Records contained in a dataset:

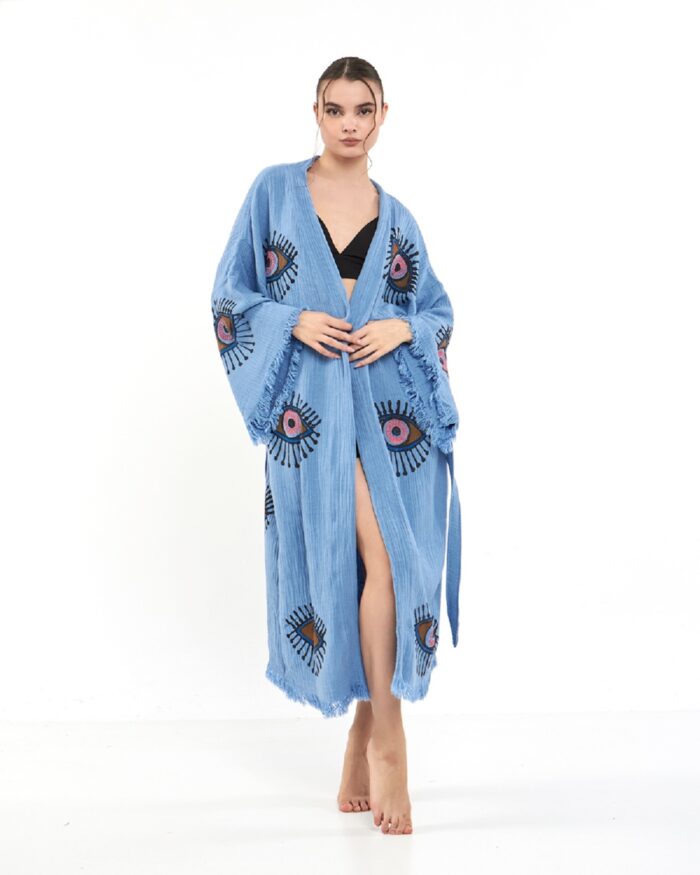 Orange Eye Blue Kimono Orange Eye Blue Kimono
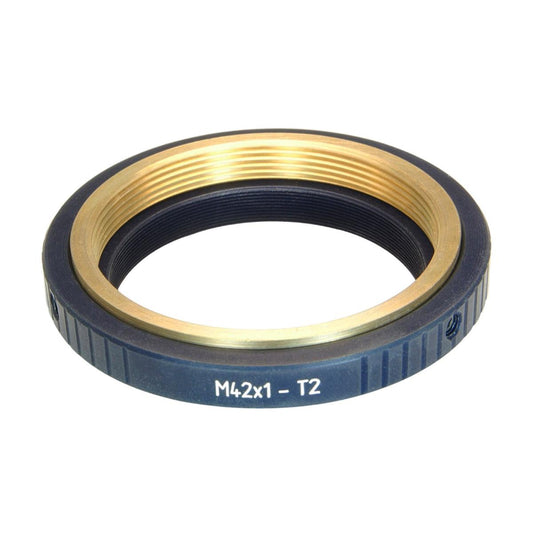 M42x1 female to M42x0.75 (T2) male thread adapter for telescopes, bronze insert
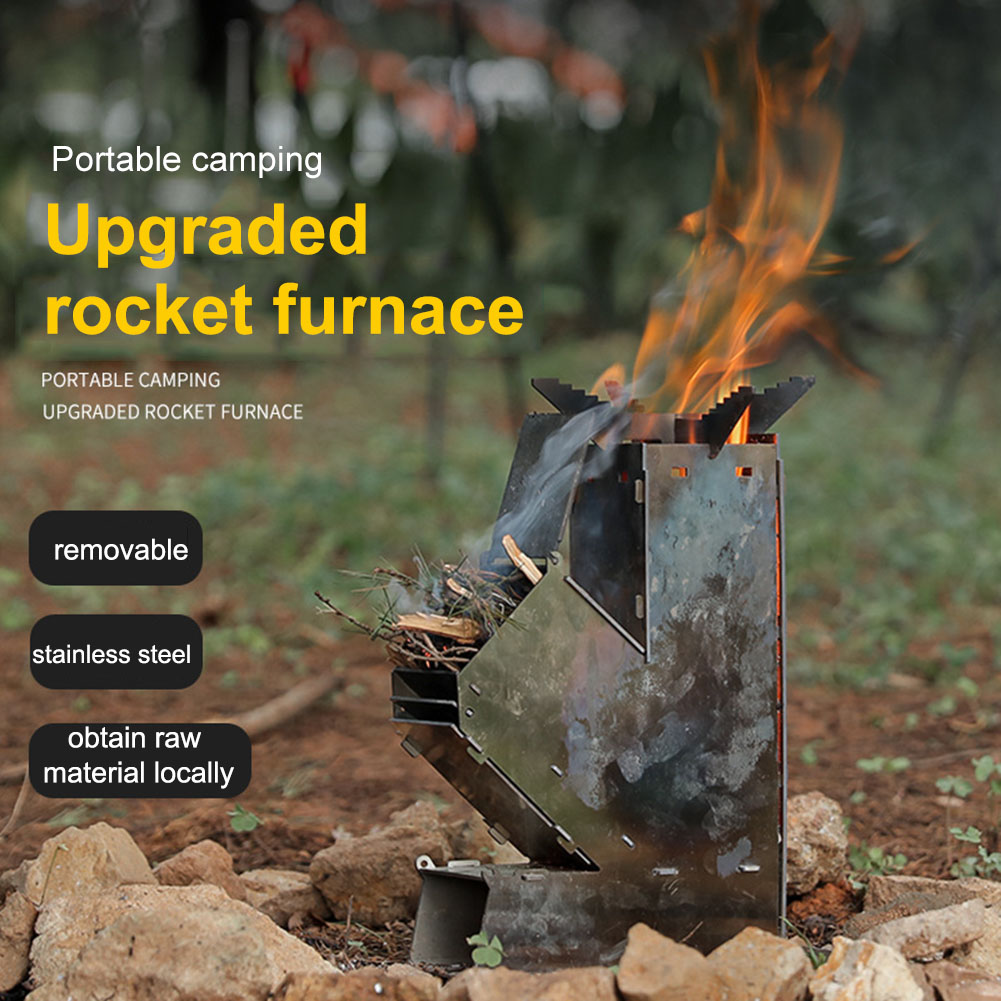 Outdoor Camping Wood Stove - 휴대용 분리형 나무 난로 BBQ 로켓
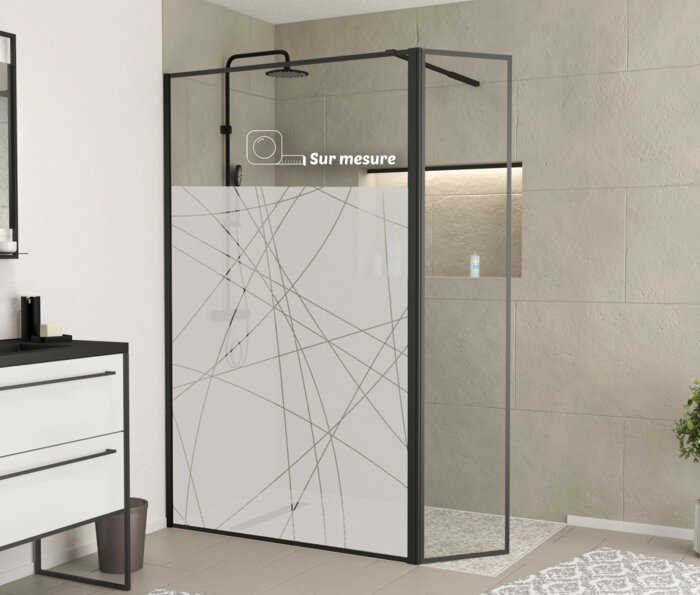 Film dépoli douche - motif verre brisé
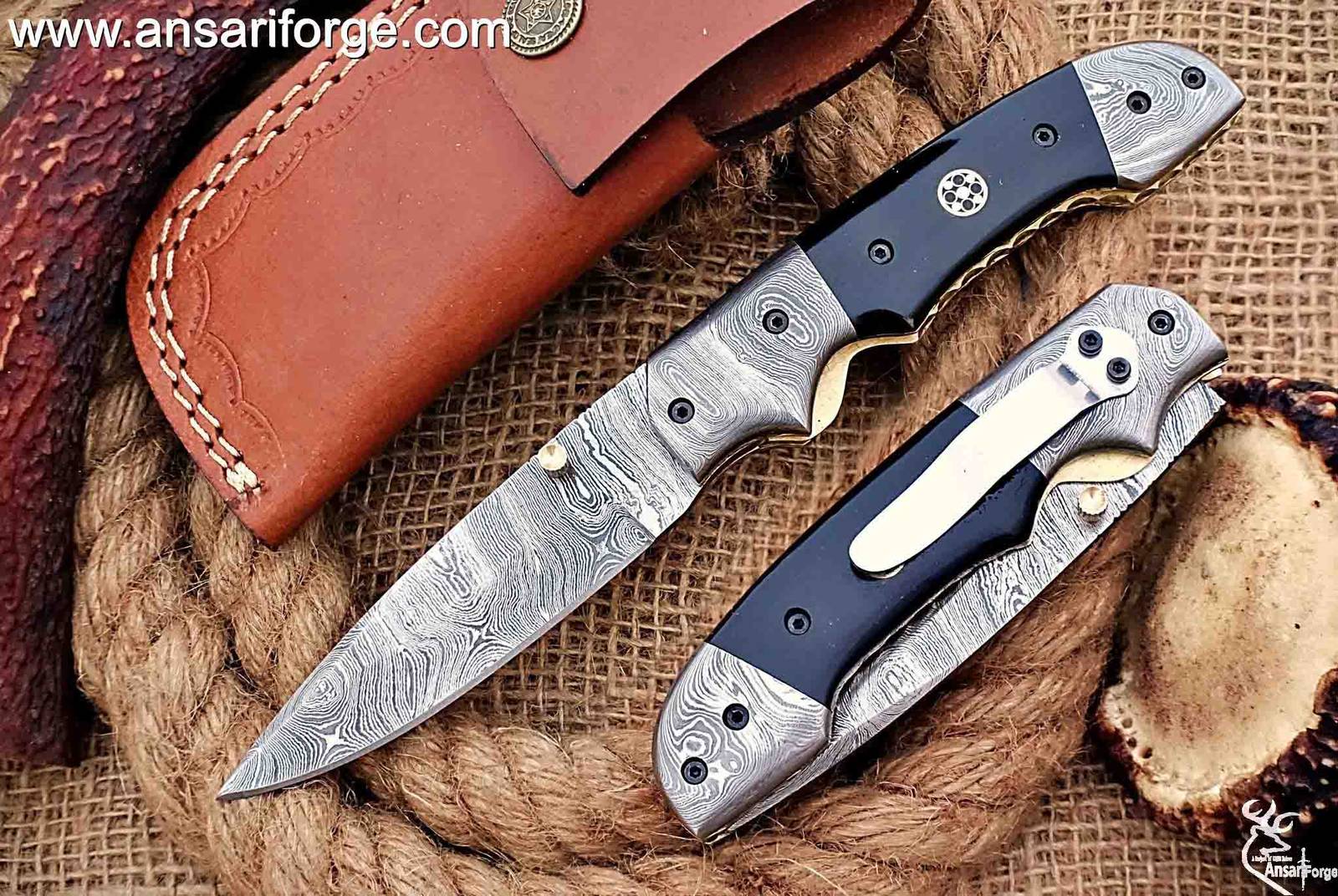 Handmade Damascus Steel Pocket Knife - Damascus Folding Knife - Pocket Knife for Men, EDC gift Knife & Damascus Blade Hunting Skinning Knife with Liner Lock & Bull Horn Handle with Leather Knife Sheath .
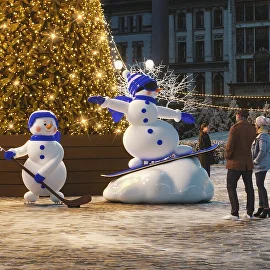 Снеговики из стеклопластика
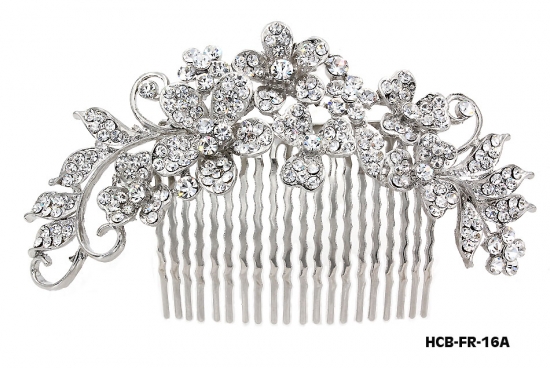 Wedding Hair Comb – Bridal Hair Combs & Clips w/ Austrian Crystal StonesFlowers - HCB-FR-16A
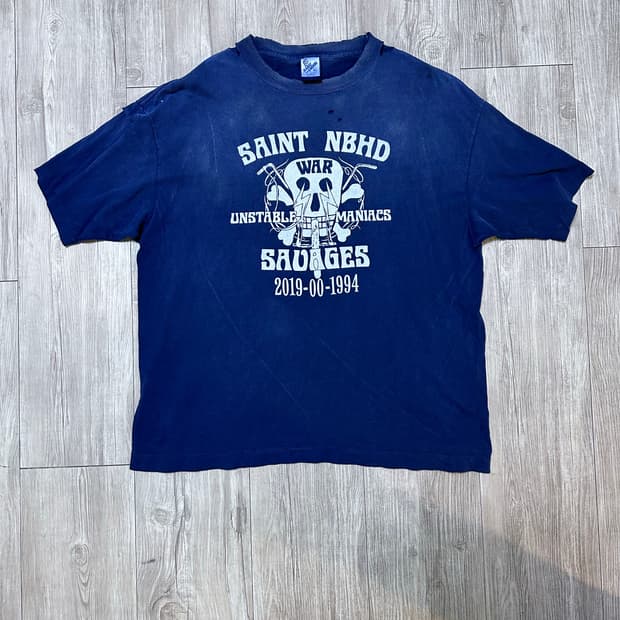 네이버후드 x 세인트 마이클 STHD Saint NBHD 티셔츠 네이비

__Action item__: Word for word, copy the lines from the one with "M42x1 female to" through the end of the entries above, and do not include any picture.

__Result of the task__:
 M42x1 female to M42x0.75 (T2) male thread adapter for telescopes, bronze insert
 Outdoor Camping Wood Stove - 휴대용 분리형 나무 난로 BBQ 로켓
 Film dépoli douche - motif verre brisé
 Handmade Damascus Steel Pocket Knife - Damascus Folding Knife - Pocket Knife for Men, EDC gift Knife & Damascus Blade Hunting Skinning Knife with Liner Lock & Bull Horn Handle with Leather Knife Sheath .
 Снеговики из стеклопластика
 Wedding Hair Comb – Bridal Hair Combs & Clips w/ Austrian Crystal StonesFlowers - HCB-FR-16A
 네이버후드 x 세인트 마이클 STHD Saint NBHD 티셔츠 네이비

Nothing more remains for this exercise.